(Short web captions)

>>>

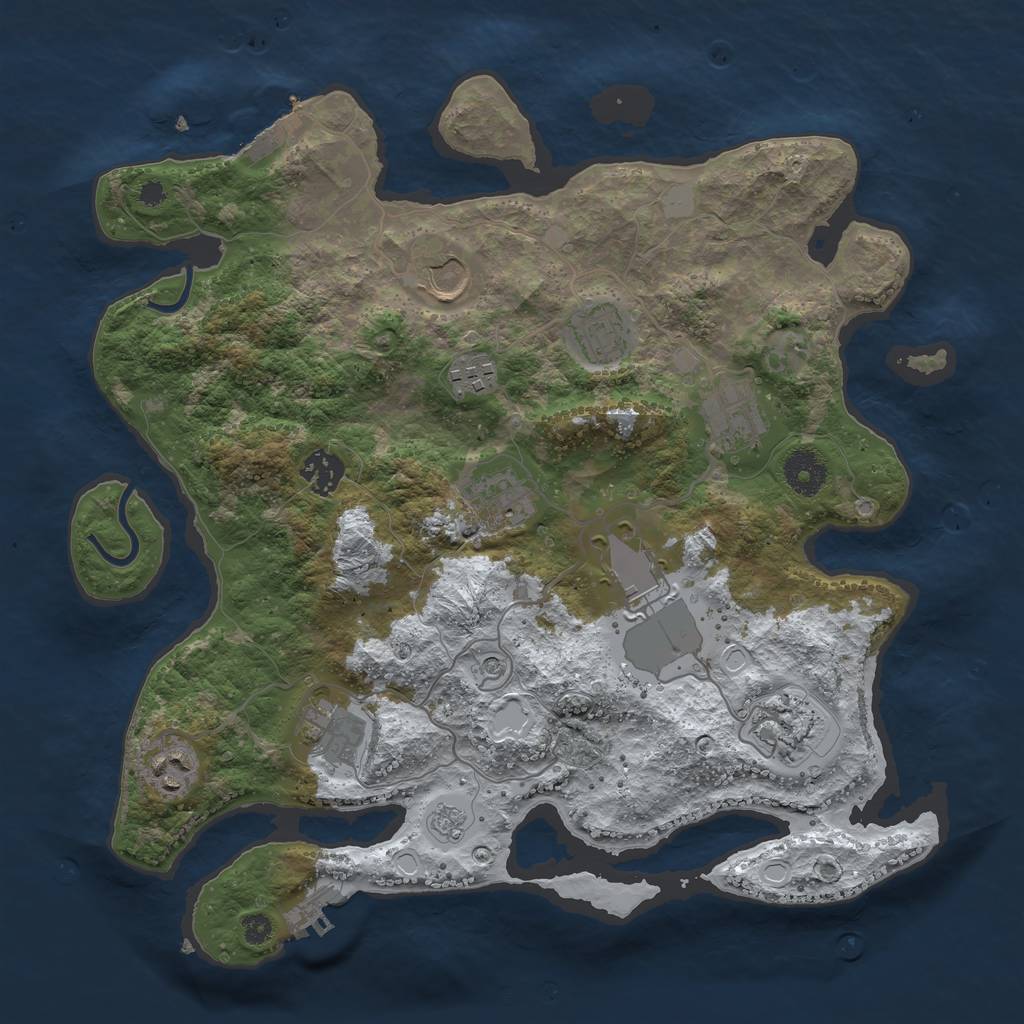 Rust Map: Procedural Map, Size: 3550, Seed: 530524, 19 Monuments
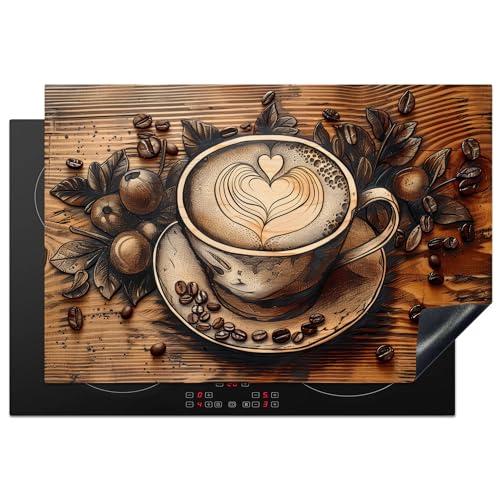 KitchenYeah© Herdabdeckplatte 77x51 cm Einteilig Küche Herdabdeckung Induktionsfeld Ceranfeld Herdabdeckplatten Vinyl Matte Aufrollbar Kaffee - Vintage - Braun - Tasse - Holz von KitchenYeah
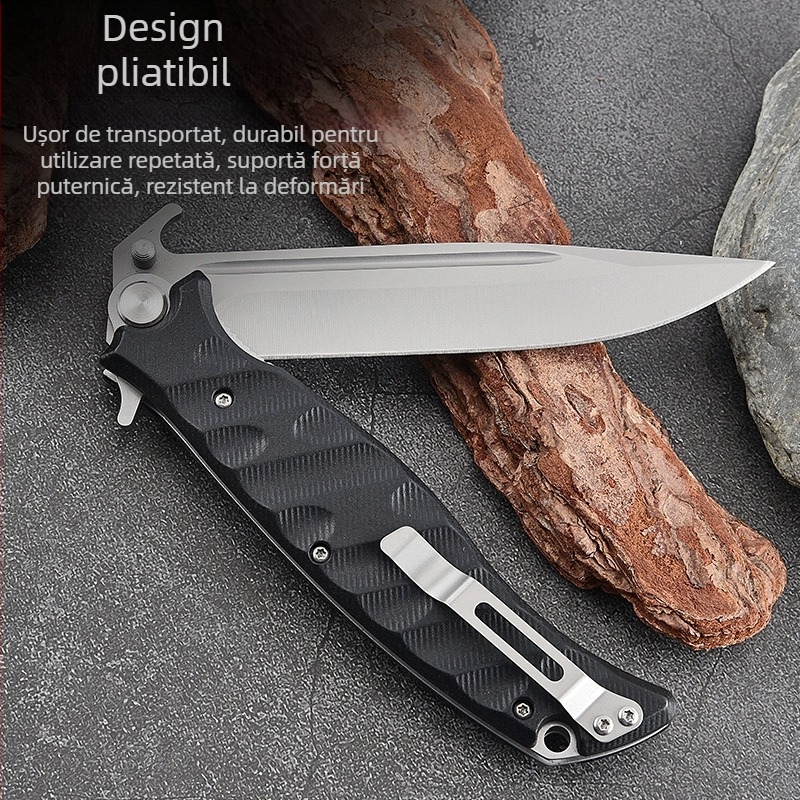 Cuțit pliabil de exterior cu mecanism de deschidere rapidă cu rulmenți, Carriage Knife, ABS + oțel inoxidabil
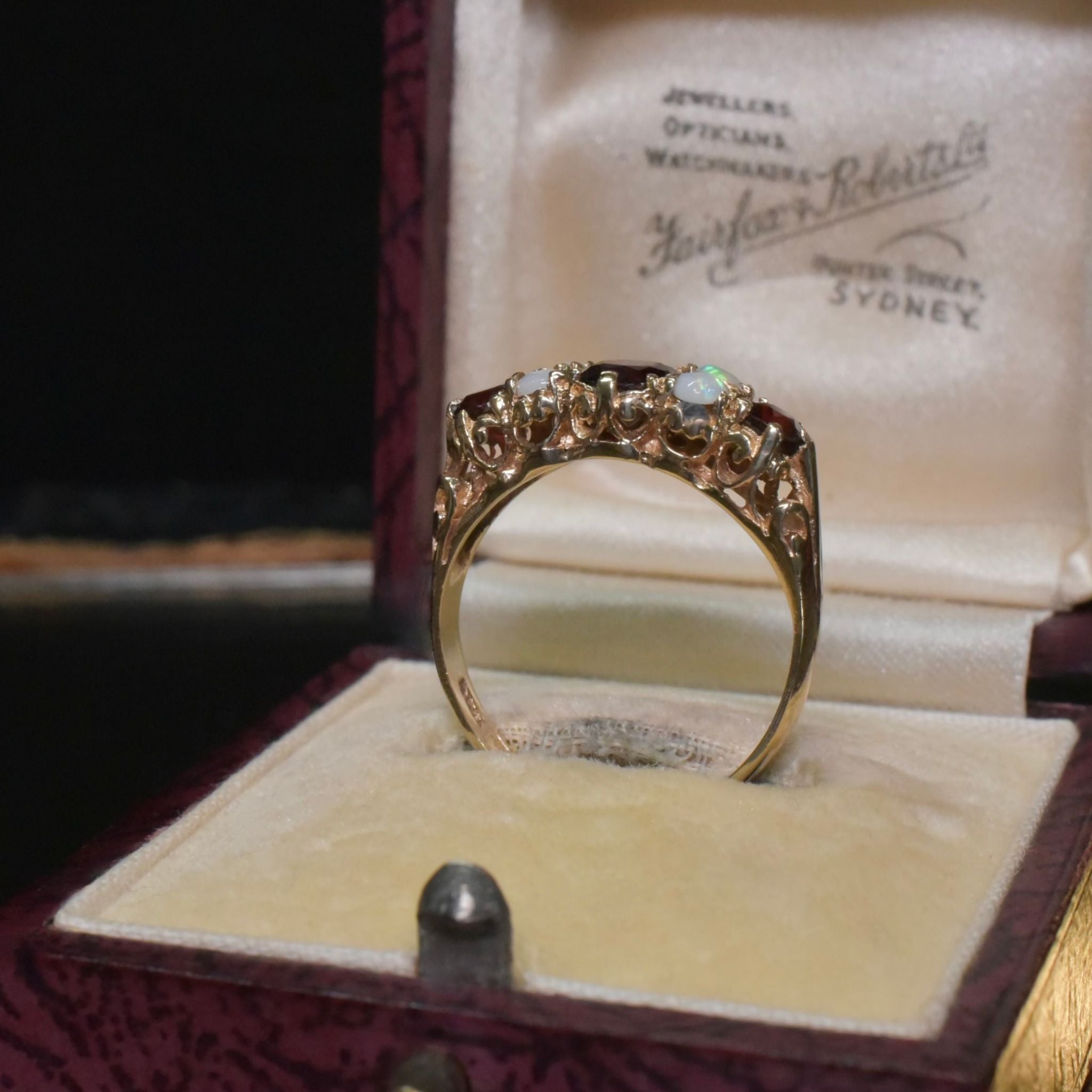 Vintage 9ct Yellow Gold Garnet And Opal Quarter Hoop Ring - London 1976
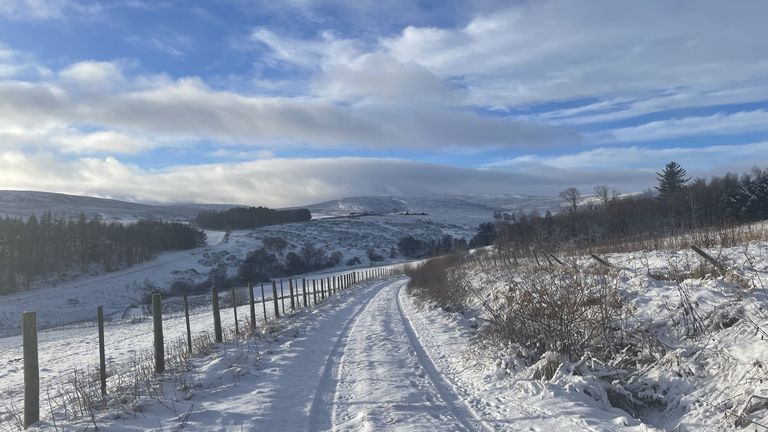 Snow near Huntly in Aberdeenshire on Tuesday 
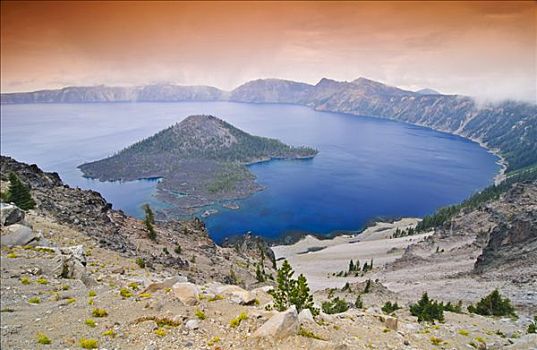火山湖,火山口,火山,火山湖国家公园,俄勒冈,美国,北美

<<<

Task to carry out: Quote exactly, and nothing besides, the lines from the one with "Snow near Huntly" through the end of the records above; include both ends and omit the pictures.

Response for this exercise:
 Snow near Huntly in Aberdeenshire on Tuesday 
火山湖,火山口,火山,火山湖国家公园,俄勒冈,美国,北美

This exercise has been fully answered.